Nasi użytkownicy byli przyzwyczajeni do swoich lokalnych profili, a wszelkie firmowe dane trzymają głównie na ‘pulpicie’ i w ‘moich dokumentach’ profilu lokalnego. Uniemożliwia to wygodne archiwizowanie ich danych i stwarza ryzyko ich utraty np. poprzez awarię dysku twardego komputera. Rozwiązaniem tego problemu jest migracja profili na serwer.
Modyfikacja profili
Modyfikujemy stworzony profil domenowy tak, aby użytkownik miał ten sam ‘pulpit’, swoje pliki oraz ustawienia. Niestety jest to specyficzne rozwiązanie, które wymaga dostępu do komputera użytkownika.
Wymagania:
- konto domenowe użytkownika zostało stworzone,
- musimy być zalogowani kontem domenowym na komputerze użytkownika.
- W katalogu %HOMEDRIVE%\Users (dla Win7 itp.) lub %HOMEDRIVE%\Documents and Settings (dla WinXP itp.) znajduje się folder z profilem naszego lokalnego użytkownika „testuser” oraz użytkownika domenowego „testuser@contonso.com”.

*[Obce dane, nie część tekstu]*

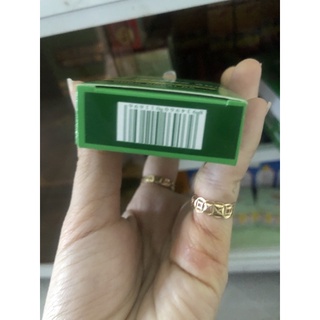 ✅ Dầu gió Trường Sơn chai 6ml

Nadajemy pełne uprawnienia NTFS użytkownikowi „testuser@contonso.com” na folderze „testuser”, oraz zaznaczamy opcję „Zamień wszystkie wpisy uprawnień obiektów podrzędnych na dziedziczone wpisy uprawnień z tego obiektu”.
(„Replace permission entries on all child objects with entries shown here that apply to child objects.”)

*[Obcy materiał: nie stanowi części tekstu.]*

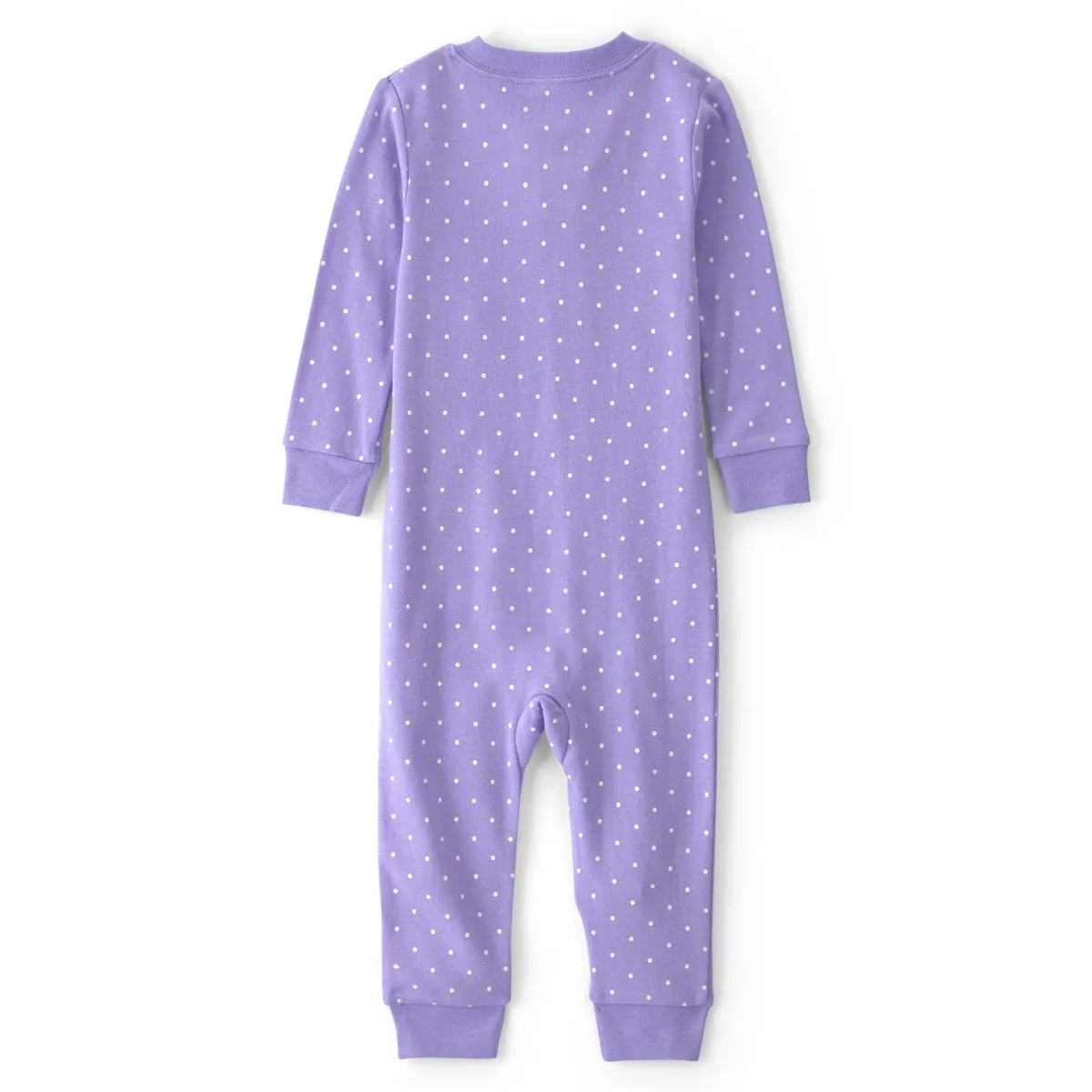 CARTER'S - Pijama Algodón Niña 2 A 5 Años Carter's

- Otwieramy rejestr: „Start\Uruchom” oraz wpisujemy „regedit”. W otwartym edytorze zaznaczamy „HKEY_LOCAL_MACHINE” i klikamy „Plik\Załaduj gałąź Rejestru” („Load Hive”).

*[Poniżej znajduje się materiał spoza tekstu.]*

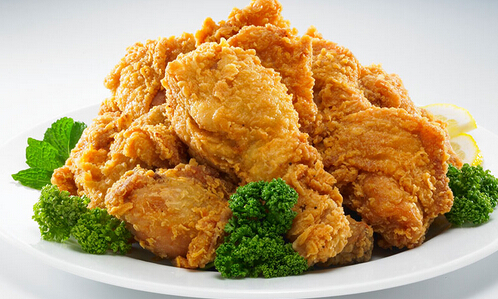 麦乐香炸鸡加盟费是多少?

Wybieramy NTUSER.DATz folderu profilu użytkownika lokalnego.
Edytor rejestru poprosi nas o podanie nazwy, wpisujemy „ntuser”.
Na świeżo dodanej gałęzi w rejestrze wybieramy opcję „Uprawnienia” z menu kontekstowego oraz nadajemy „pełną kontrolę” użytkownikowi domenowemu „testuser@contono.com”, zmieniając uprawnienia dziedziczenia tak, jak dla folderu z profilem w poprzednim kroku.
(Opcja: Zaawansowane – zaznaczamy pole „Zamień wszystkie wpisy uprawnień obiektów podrzędnych na dziedziczone wpisy uprawnień z tego obiektu”.)
Po tej zmianie, wybieramy „Plik\Zwolnij gałąź Rejestru” („Unload Hive”).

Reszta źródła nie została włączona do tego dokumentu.